Inhaled vaccines are a relatively new tech (~2000s), so there aren’t many. FluMist, made by AstraZeneca, is one of the biggest names. It uses a weakened flu virus, which means it may not be suitable for everyone.  Now, though, scientists are working on all kinds of new inhaled platforms for Covid vaccines, which could be suitable for even those with weaker immune systems. This opens a huge door for vaccine delivery: What if you didn’t need a health care provider with special training?

“Think about a vaccine you could mail out to people,” Renata Pasqualini, an oncologist and CSO at Phage Novo Bio, a company working on an inhaled Covid vaccine, told me. Used like an inhaler, you could easily deliver new vaccines and/or boosters.

There’s so much we can learn from the pandemic; we have a chance to bring on better vaccines that are easier to admin and get to people, which is great for a new normal, and even better for future health care.

Here’s yet another promising new drug that is being trialed by NIAID, and which appears to be better than the much over-hypedremdesivir.

But this begs the question – why is NIAID trialing a new expensive drug full of unknowns, while overlooking well known inexpensive drugs that are well known and well proven such as hydroxychloroquine and ivermectin?

Here is a nicely presented table of data on the most significant and impactful new virus strains, and here is a more extensive but not quite as easily viewed list.

Here’s an interesting story of how the EU tried to bully the Czech Republic into gratefully accepting fewer vaccine doses than it was entitled to, so that “more needy” nations could get more than their proportionate shares.

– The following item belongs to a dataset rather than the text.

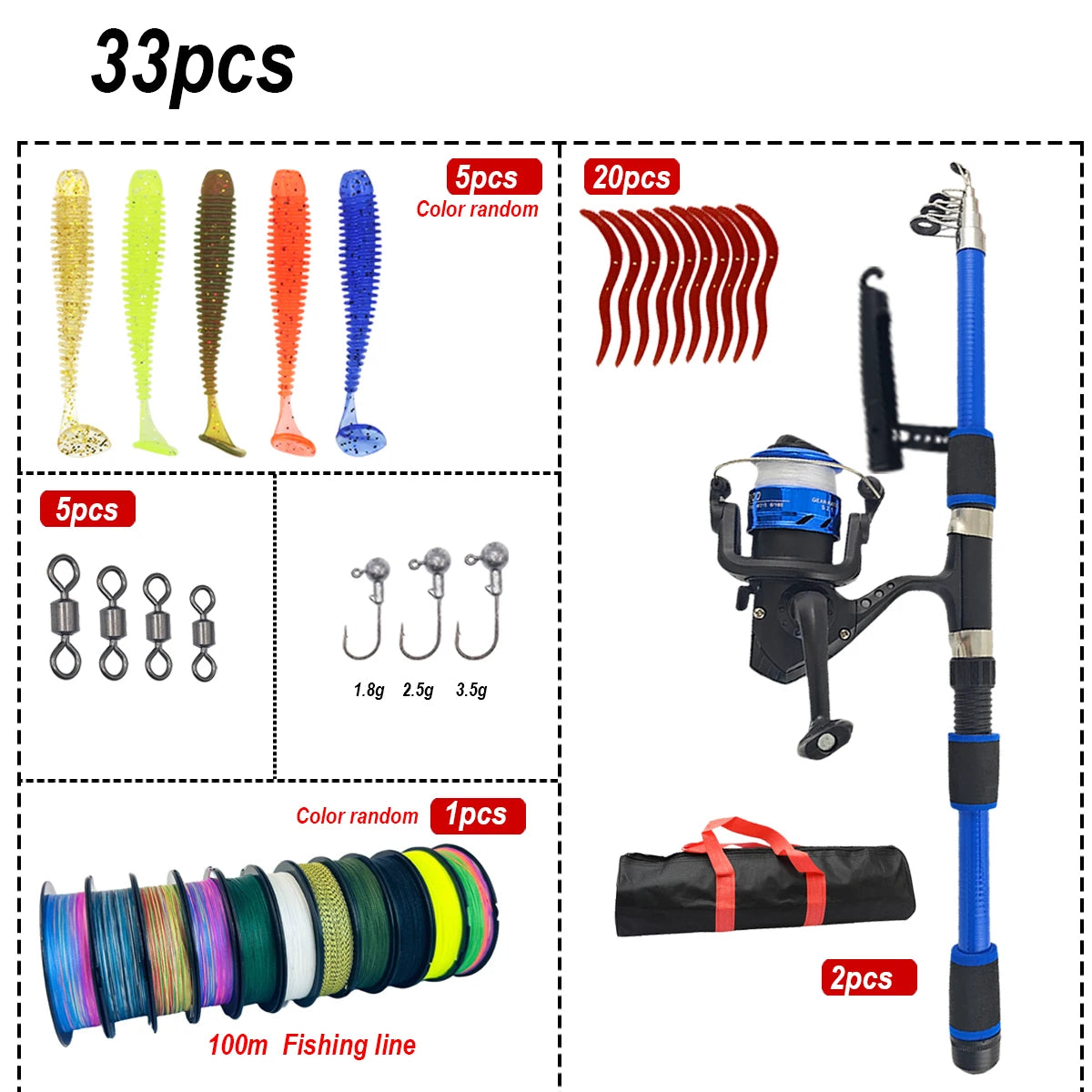 33pcs Beginner Fishing Combo 1.8m - Kids Telescopic Rod, Reel & Accessories for Outdoor Lake & Pond Fishing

There’s one interesting thing though.  The Czech Republic leads the world in both virus case rates and death rates.  What country could be more needy?  Why is the EU picking its favorites and why is it not including the Czech Republic on the “preferred” list.

The Czech Rep refused to pretend to be happy at getting fewer doses than it was entitled to, and so the EU retaliated by giving it none in the current distribution of doses.  Kinda makes you glad you’re not in the EU, doesn’t it……

Vaccine News

A late April Fool’s Day Joke?

The DHHS has now stepped in at the contract vaccine maker that ruined 15 million doses of the Johnson & Johnson vaccine last week.  It has appointed J&J to directly make the vaccines at the facility, and has also said the facility can’t simultaneously make vaccine for AstraZeneca.

Apparently the problem with the ruined 15 million doses was that the plant mixed some of the AZ ingredients into the J&J vaccine.  Knowing what they did doesn’t make their incompetence any easier to accept!

Timings And Numbers

The UK continues to lead the world in vaccinations, but the US is starting to close the gap.

Please stay happy and healthy; all going well, I’ll be back again on Thursday.